O Poder Executivo gastou 81,1% dos recursos previstos para o auxílio emergencial pago a pessoas em situação de vulnerabilidade. Dos R$ 321,8 bilhões liberados por meio de medidas provisórias, R$ 261,3 bilhões foram efetivamente executados. Até o final do ano, a Caixa deve realizar mais dois ciclos de depósitos, que podem consumir os R$ 60,5 bilhões restantes para a conclusão do programa.  O ritmo de execução do auxílio emergencial supera o desempenho de outras medidas adotadas pelo Poder Executivo para o enfrentamento do coronavírus. De acordo com o Portal Siga Brasil, mantido pelo Senado, o Palácio do Planalto autorizou um total de R$ 605,3 bilhões para o desenvolvimento de 53 ações contra a pandemia. Até terça-feira (17), haviam sido pagos R$ 470,8 bilhões — o equivalente a 77,7%.  Segundo o Ministério da Cidadania, o auxílio emergencial chegou diretamente a 67,8 milhões de pessoas. São desempregados, microempreendedores individuais, trabalhadores informais e contribuintes individuais da Previdência Social. Brasileiros que ficaram sem renda com o impacto da covid-19 sobre a economia. O que todo esse contingente de vulneráveis ainda não sabe é como pagar as contas a partir de janeiro, com o fim do auxílio emergencial. O Poder Executivo ainda não divulgou oficialmente se vai prorrogar o programa ou incorporar o benefício a outras ações já desenvolvidas, como o Bolsa Família. O impasse ocorre justamente no momento em que o Imperial College, de Londres, alerta para a elevação do ritmo de contágio no Brasil de 0,68 para 1,10. Isso significa que um infectado pode transmitir a doença para mais de uma pessoa, o que aumenta as chances de propagação.

Críticas 

Pelas redes sociais, parlamentares da oposição criticam a possibilidade de suspensão do programa. “A melhor decisão política tomada neste momento de pandemia foi o auxilio emergencial, resultado do trabalho da oposição e da pressão de sindicatos. Ele segurou a explosão de uma grave crise social e ainda injetou dinheiro na economia”, escreveu o senador Paulo Rocha (PT-PA). “A pandemia continua, qual o motivo para o governo acabar com o auxílio emergencial?”, questionou o líder do PT, senador Rogério Carvalho (SE).

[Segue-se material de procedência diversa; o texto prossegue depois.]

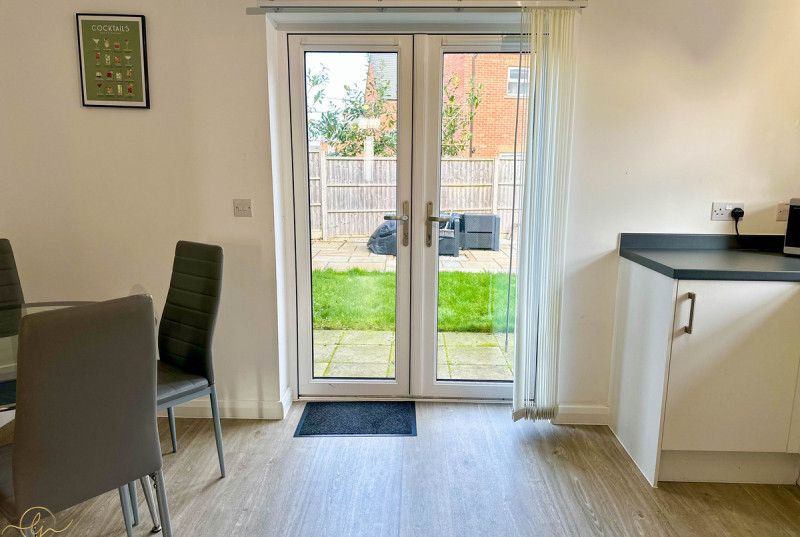 De Havilland Gardens, Bury13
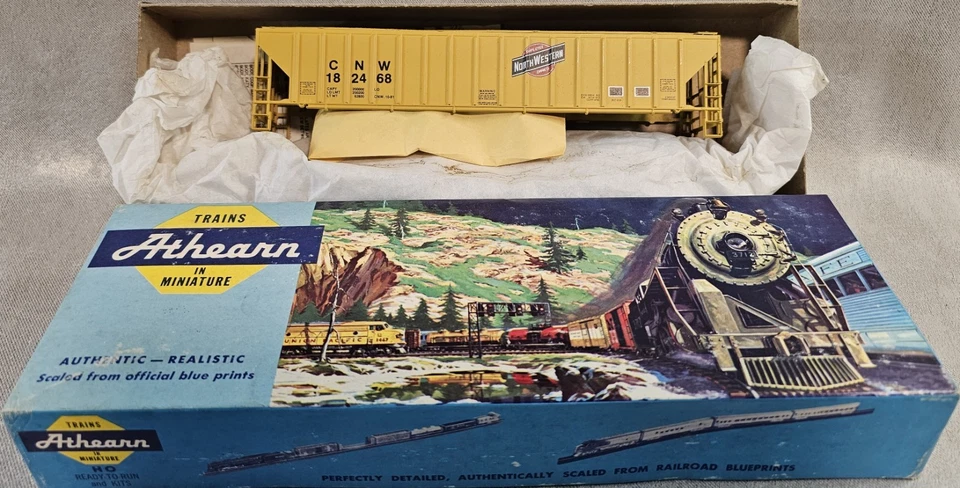 NOS Athearn HO Scale Chicago North Western 54' Ribside Covered Hopper CNW 182468 - Image 2 of 4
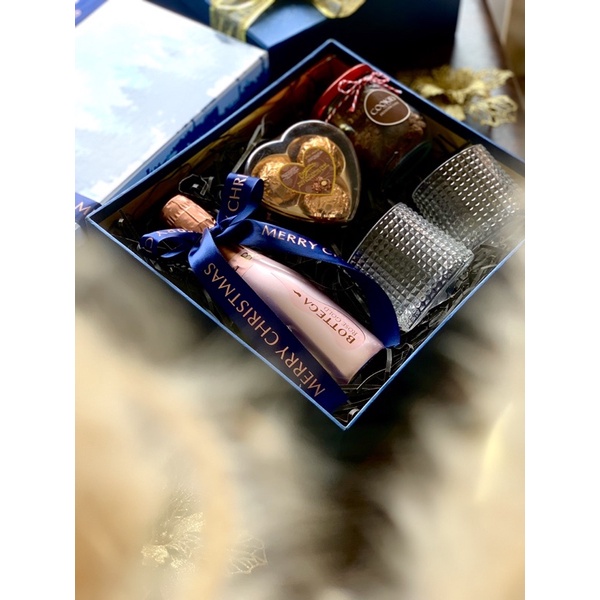 

Hampers Natal/Read Stock/Wine Package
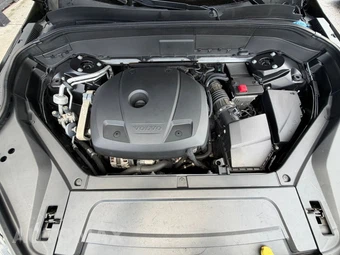 2020 Volvo XC90 T6 Momentum 7-Passenger - miniatura 43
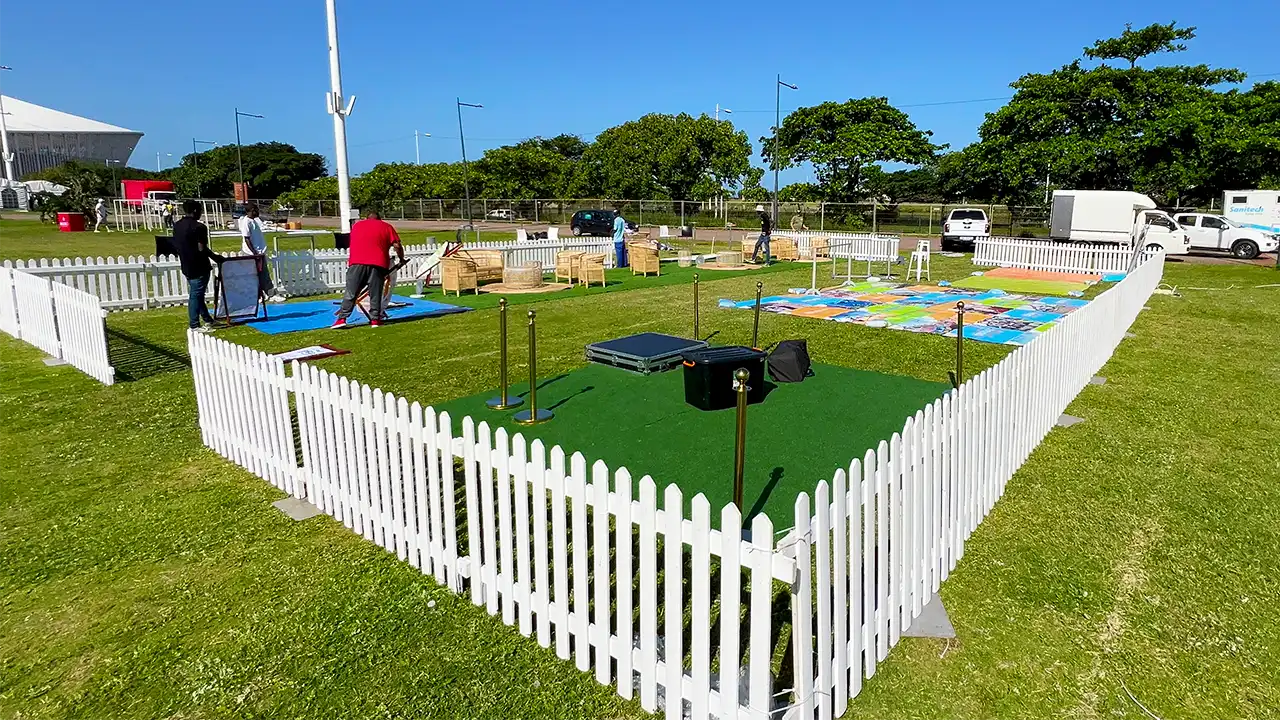 Picket Fencing photo 3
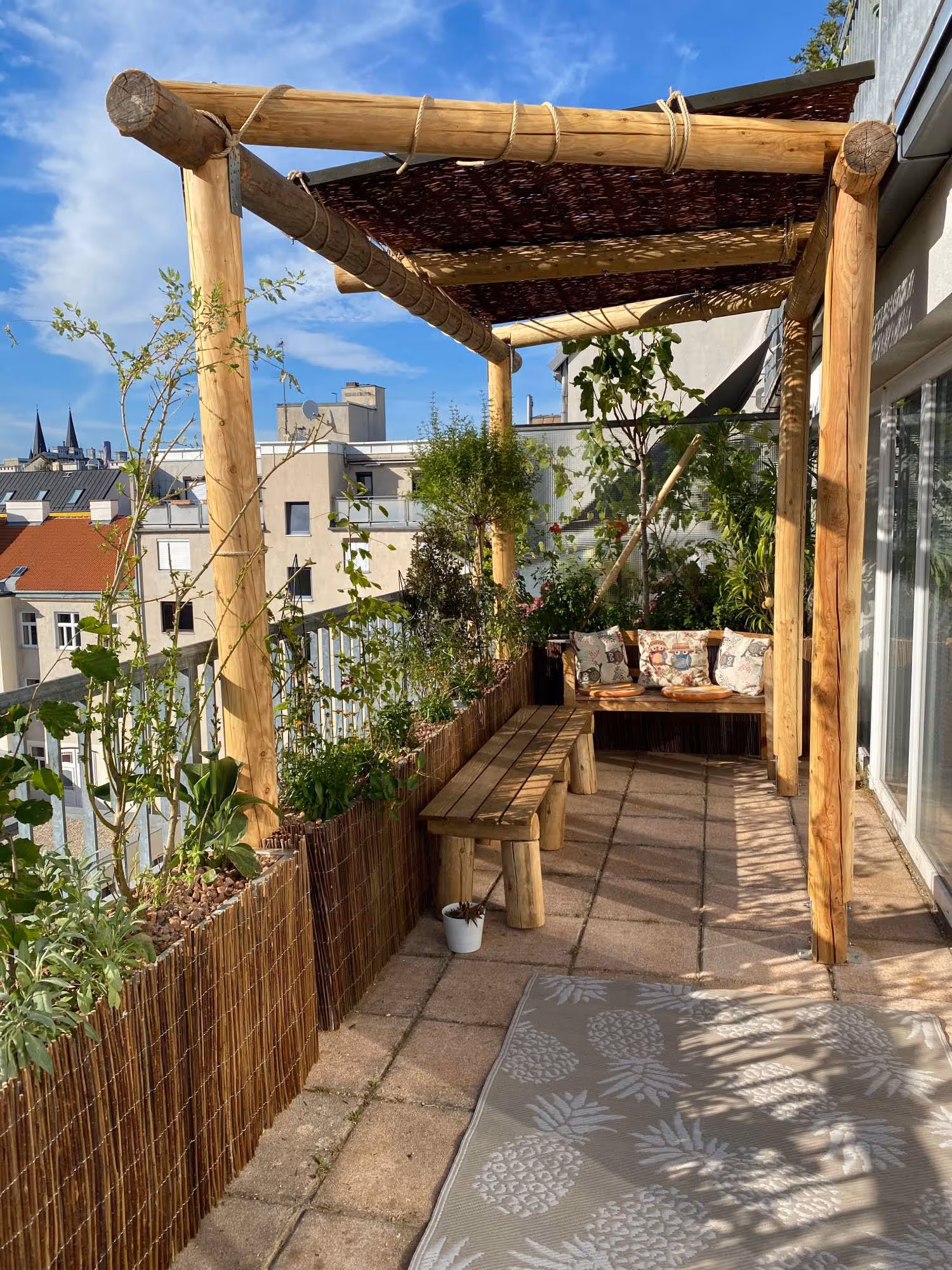 Holz-Pergola als Schattenspender auf Terrasse
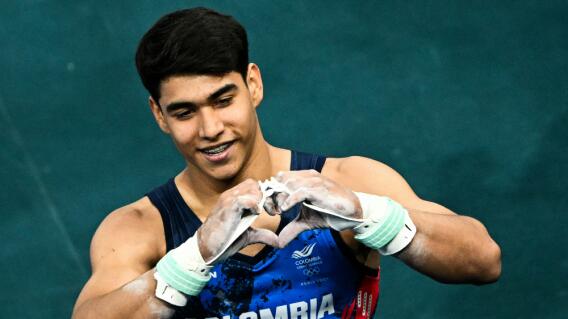 Ángel Barajas, gimnasta colombiano, celebra su medalla de plata en los Juegos Olímpicos de París 2024 Ángel Barajas, gimnasta colombiano, celebra su medalla de plata en los Juegos Olímpicos de París 2024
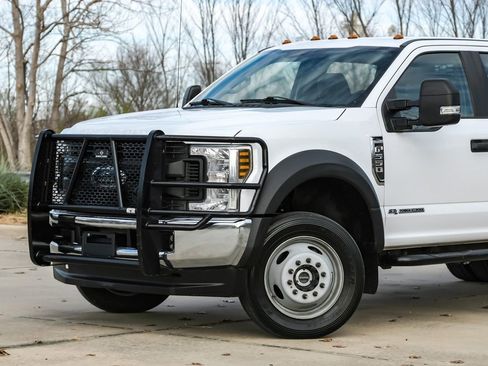 Used 2019 Ford F550 4x4 Crew Cab Super Duty image 5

O senador Flavio Bolsonaro (Republicanos-RJ) defendeu as medidas adotadas pelo Poder Executivo no enfrentamento da pandemia. Em uma rede social, ele compartilhou publicação da Secretaria de Comunicação da Presidência da República, segundo a qual “o governo federal bateu todos os recordes de repasses para programas sociais”. “Até 2018, o Brasil mal passara dos R$ 90 bilhões investidos na assistência social em um ano. Pois em 2020, em apenas 10 meses, já são mais de R$ 290 bilhões”, registrou.

A Instituição Fiscal Independente (IFI), do Senado, publicou nesta semana um relatório que estima quanto custaria a prorrogação do auxílio emergencial. De acordo com o texto, “a criação de um programa de renda básica permanente a partir de 2021 parece ser um cenário bastante provável”.

Em um primeiro cenário, a IFI projeta um benefício de R$ 300 mensais para 45 milhões de pessoas. Em 12 meses, um programa nesse formato custaria R$ 117,9 bilhões. Se o benefício fosse de R$ 200, o gasto cairia para R$ 63,9 bilhões em um ano. Em outro cenário, o IFI estima em R$ 45,9 bilhões as despesas anuais para o pagamento de um auxílio de R$ 300 mensais a 25 milhões de pessoas.

O Senado analisa quase 30 projetos que propõem mudanças no auxílio emergencial. Mais da metade das proposições pretende ampliar o rol de beneficiários ou estender o benefício enquanto durar a pandemia de coronavírus.